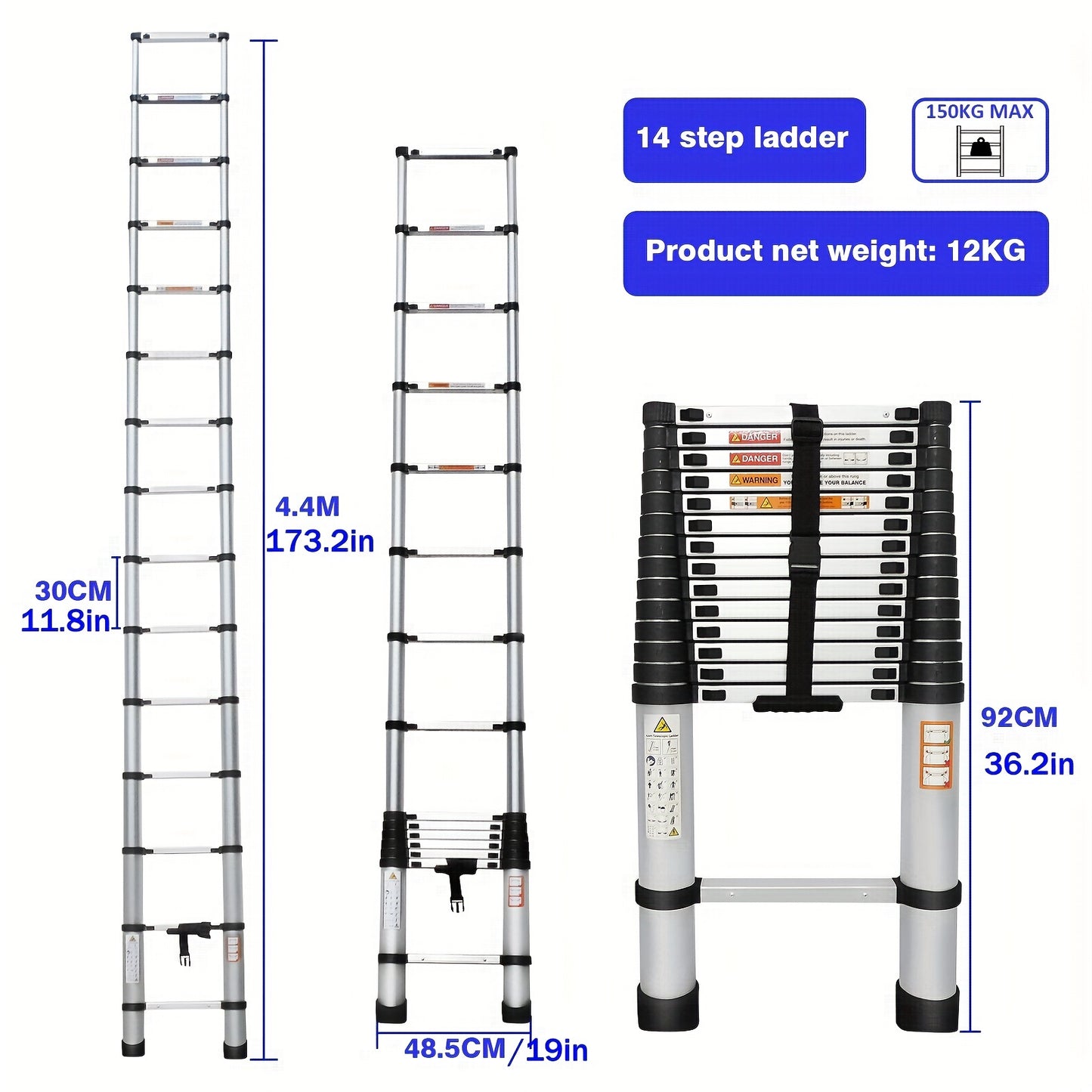 Uitklapbare Ladder – Telescopische Ladder – Uitschuifbare Ladder – Vouwladder – Aluminium Ladder – 4,4 Meter Hoogte – Maximaal 150 kg Draagkracht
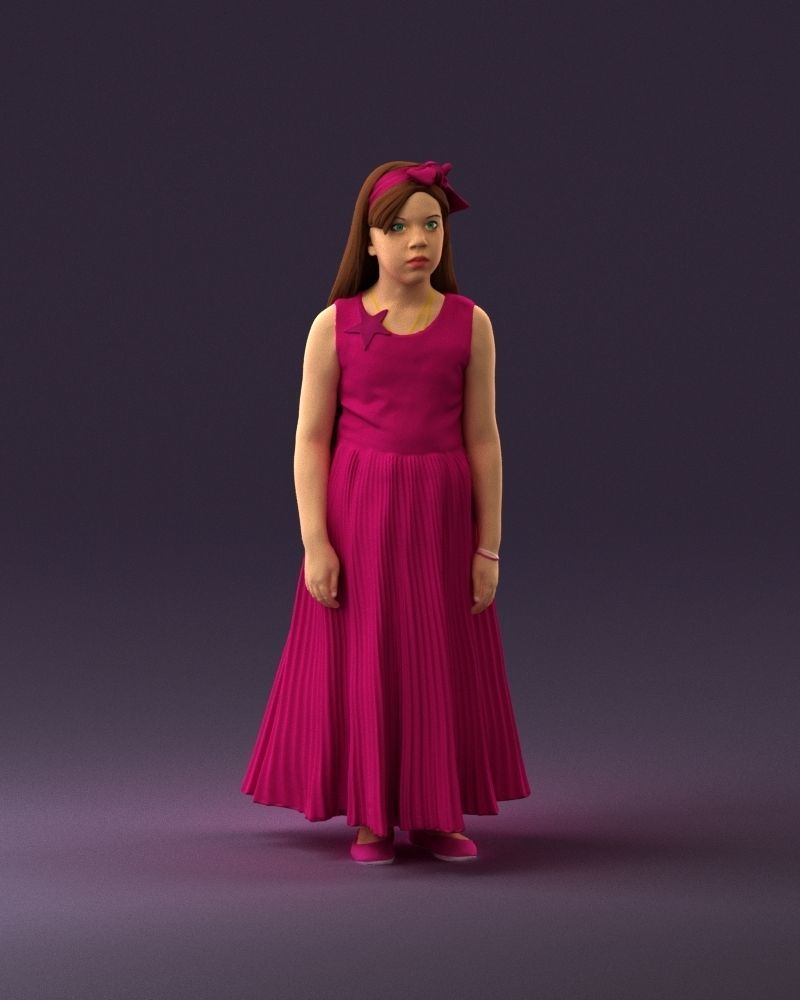 001026 junior girl in pink long dress 3D Print Ready 3D print model_13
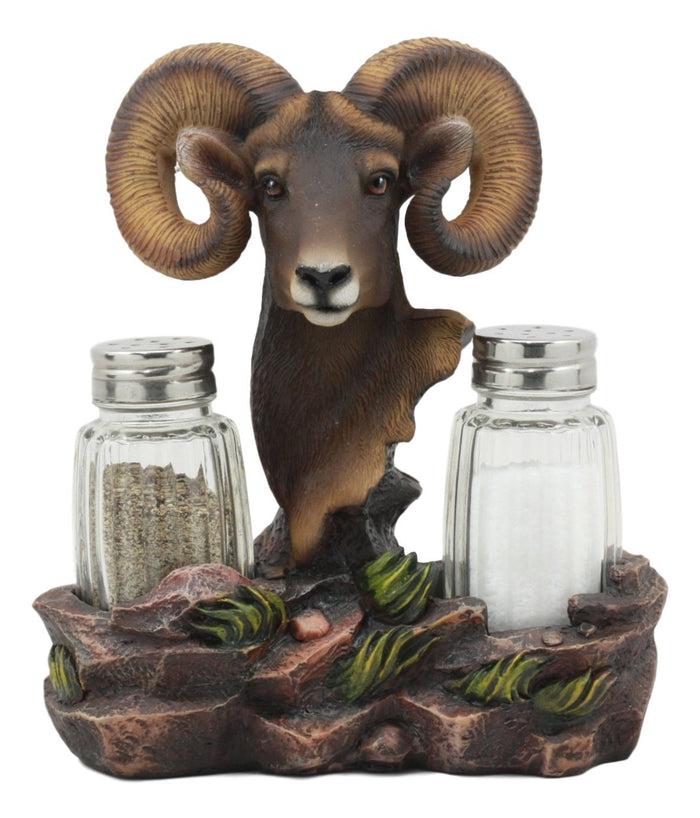 ebros gift Ebros North American Bighorn Sheep Ram Salt And Pepper Shakers Holder Figurine With Glass Shakers Wild Animal Decor 6.25" Tall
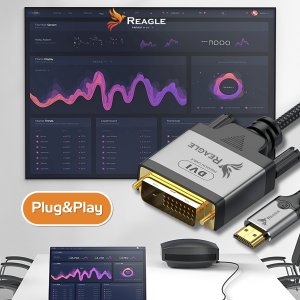 Kabel Reagle HDMI - DVI-D 2m srebrny (RHDV200P) 8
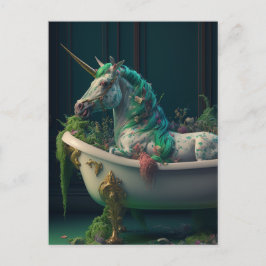Cartão Postal Green Mane Unicorn no Cartão-postal do Tub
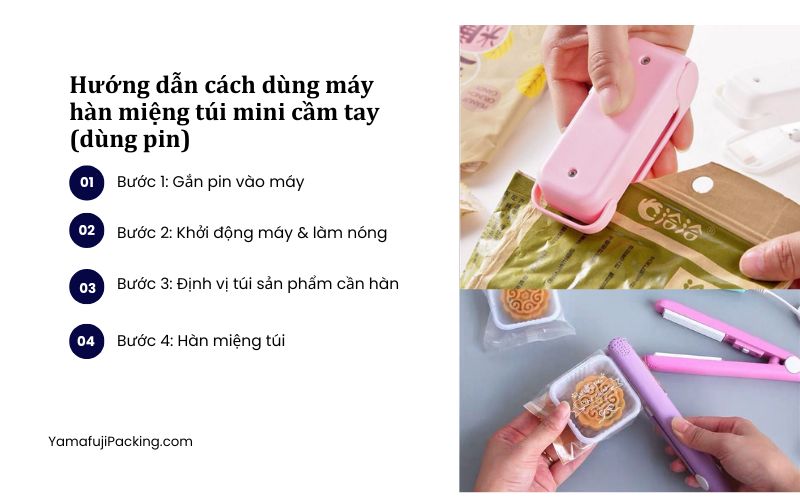 Hướng dẫn cách dùng máy hàn miệng túi mini cầm tay (dùng pin)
──────
Instructions to follow ::
Give again, please, precisely the lines that begin the records and run through the line with "001026 junior girl" in it, keeping both end lines and dropping any pictures.

Reply to the task ::
 Uitklapbare Ladder – Telescopische Ladder – Uitschuifbare Ladder – Vouwladder – Aluminium Ladder – 4,4 Meter Hoogte – Maximaal 150 kg Draagkracht
 001026 junior girl in pink long dress 3D Print Ready 3D print model_13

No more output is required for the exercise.